1. Introduction: DNA Nanotechnology is the manipulation of DNA at the nanoscale to take advantage of its unique properties. This is often employed to produce individual molecules that includes DNA or RNA or protein. Hence, in traditionalist’s prospective DNA nanotechnology is a biomolecular engineering. This arena has intended to produce molecular assemblies and devices in which the entire application is to use DNA as a manipulation material.
Fig 1: The cellular and genomic organization of typical animal cells.
Highly distinguished properties of DNA base pairing provide a controlled mechanism for DNA interactions; thus, the sequence assemblages enable a distinct, balanced design of the DNA structures in sizes ranging from nanometers (Fig. 2) to millimeter, and molecular signaling pathways passes the information. Unfortunately, no other such molecular manipulation technology exists, that would design the complete biosynthesis of complex biomolecules from simple precursor molecules and varied traditional biomolecular systems [1].
Fig. 2) Depicting structure and measurement of deoxyribose nucleic acid (DNA) molecule.

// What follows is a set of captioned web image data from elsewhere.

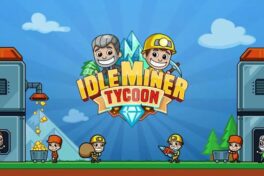 Banner Hack Idle Miner Tycoon Mod APK 1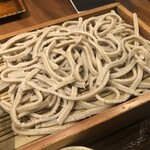 用戶對於十割蕎麦と酒 しのぶ庵的評論圖
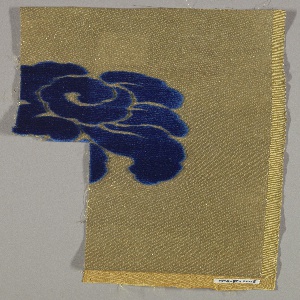 Textile (France), ca. 1919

The main accomplishment of DNA nanotechnology is likely to be achieved via 3 key mechanisms: 1) Quantitative understanding of DNA thermodynamics, especially in predicting DNA molecular folding using single stranded DNA, and how they forms networks with each other [2], 2) Quick fall of cost and improvement in the quality of DNA synthesis [3]. 3) Cell- free DNA synthesis that has led to the purity of DNA by avoiding the interference of nucleases enzymes and additional characteristic features associated within the cells. In the past, DNA nanotechnology has been extensively thought to establish establish drug producing systems, i.e. ‘smart therapeutics’, and tools and devices for molecular biological science, and other strategies that can function well inside existing cells [4-7].
The well characterized DNA base pairing regulates the complex DNA interactions, and the highly preserved duplication of genetic codon has permitted the standard strategy for precisely distinct DNA assemblies of varied sizes measured in terms of nanometers to millimeters. The molecular machineries of the cell can precisely process the information. No alternative molecular manipulation technology occurs, that empowers the fully de novo pathway of a correspondingly multifaceted and varied set of molecular organizations [1].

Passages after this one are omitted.